▶ _Work instructions_
Return exactly, please, the line that contains "Aluga se apartamento" and every line after it through the end of the material that follows, leaving pictures aside.

▶ _The data_
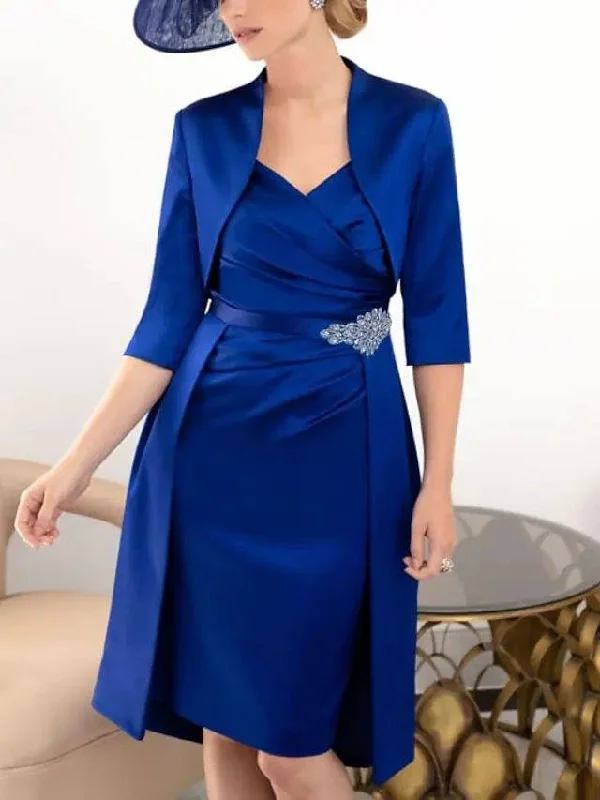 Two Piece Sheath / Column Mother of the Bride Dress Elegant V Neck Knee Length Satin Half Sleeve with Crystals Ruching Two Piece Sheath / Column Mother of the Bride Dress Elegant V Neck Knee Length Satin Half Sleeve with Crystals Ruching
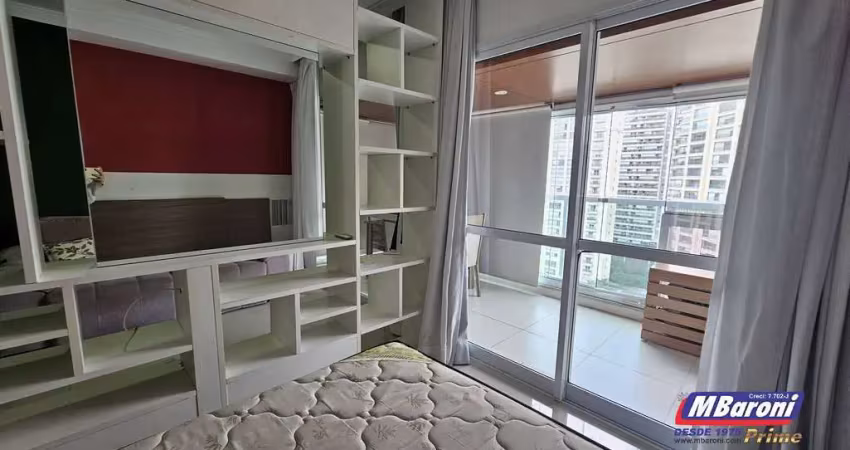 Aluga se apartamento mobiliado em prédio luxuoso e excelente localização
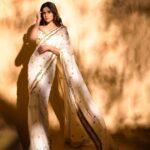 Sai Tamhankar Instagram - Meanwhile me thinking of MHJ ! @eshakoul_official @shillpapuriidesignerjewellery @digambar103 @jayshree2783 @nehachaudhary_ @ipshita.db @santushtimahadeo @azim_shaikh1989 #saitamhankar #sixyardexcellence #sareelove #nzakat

▶ _Answer space_
 Aluga se apartamento mobiliado em prédio luxuoso e excelente localização
 Sai Tamhankar Instagram - Meanwhile me thinking of MHJ ! @eshakoul_official @shillpapuriidesignerjewellery @digambar103 @jayshree2783 @nehachaudhary_ @ipshita.db @santushtimahadeo @azim_shaikh1989 #saitamhankar #sixyardexcellence #sareelove #nzakat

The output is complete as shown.